• [DATA EXTRACT]
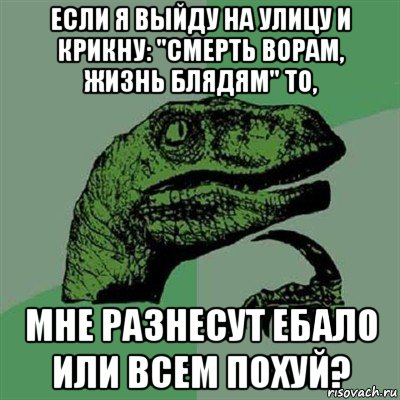 если я выйду на улицу и крикну: "смерть ворам, жизнь блядям" то, мне разнесут ебало или всем похуй?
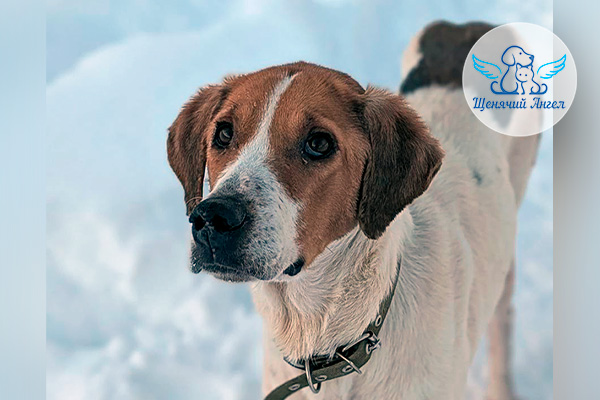 Н_2026-03_12_Линда_3x2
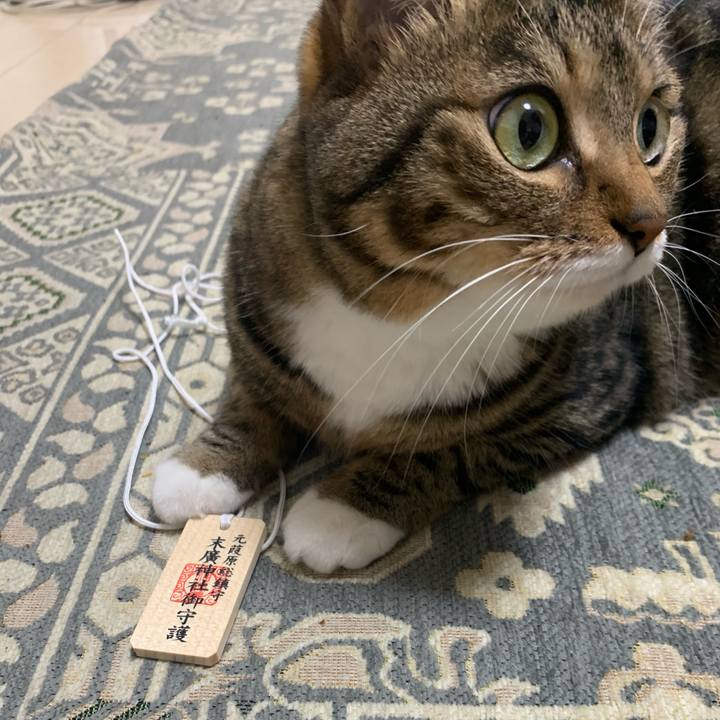 622cb010 2a0a 4c77 9f17 44eda897e6ae 1621669790238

• [PROBLEM DETAILS] Output each line of the listing above, word for word, from the one holding "Н_2026-03_12_Линда_3x2" through the last line, both included; omit the pictures.

• [FINISHED EXERCISE]
 Н_2026-03_12_Линда_3x2
 622cb010 2a0a 4c77 9f17 44eda897e6ae 1621669790238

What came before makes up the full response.